Tuesday, July 08, 2008


The Bearded One Has A Bad Idea
Having already made the poor decision to bail out securities firms that have suffered losses from the mortgage-backed securities, Federal Reserve Board Chairman plans to extend the bailouts:


In an extraordinary action, the Fed in March agreed to let investment houses go to the Fed -- on a temporary basis -- for a quick, overnight source of cash.
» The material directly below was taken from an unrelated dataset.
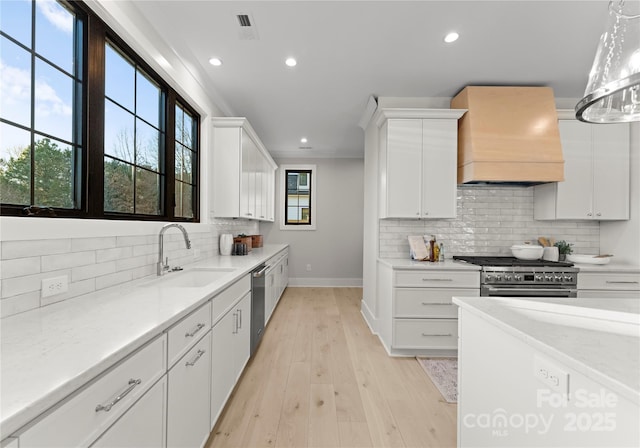 kitchen featuring stainless steel appliances, custom range hood, decorative light fixtures, and white cabinetry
Those loan privileges, which are supposed to last through mid-September, are similar to those permanently afforded to commercial banks for years.
"We are currently monitoring developments in financial markets closely and considering several options, including extending the duration of our facilities for primary dealers beyond year-end should the current unusual and exigent circumstances continue to prevail in dealer funding markets," Bernanke said in prepared remarks to a mortgage-lending forum in Arlington, Va.
The Fed's decision to act -- temporarily at least -- as a lender of last resort for Wall Street firms was made after a run on Bear Stearns pushed the investment bank to the brink of bankruptcy and raised fears that others might be in jeopardy. It was the broadest use of the Fed's lending powers since the 1930s.
Bear Stearns was eventually taken over by JPMorgan Chase & Co., with the Fed providing $28.82 billion in financial backing.

Underwriting securities is a risky business. The owners and employees of these firms are handsomely compensated for bearing the risk. Many of them earn more in one day than most of us earn in one year. If they make bad decisions, they should eat their losses. The government has no need to bail them out. For every person working in securities, there are at least 1,000 more who would like to. The firms and the individuals who fail can be easily replaced.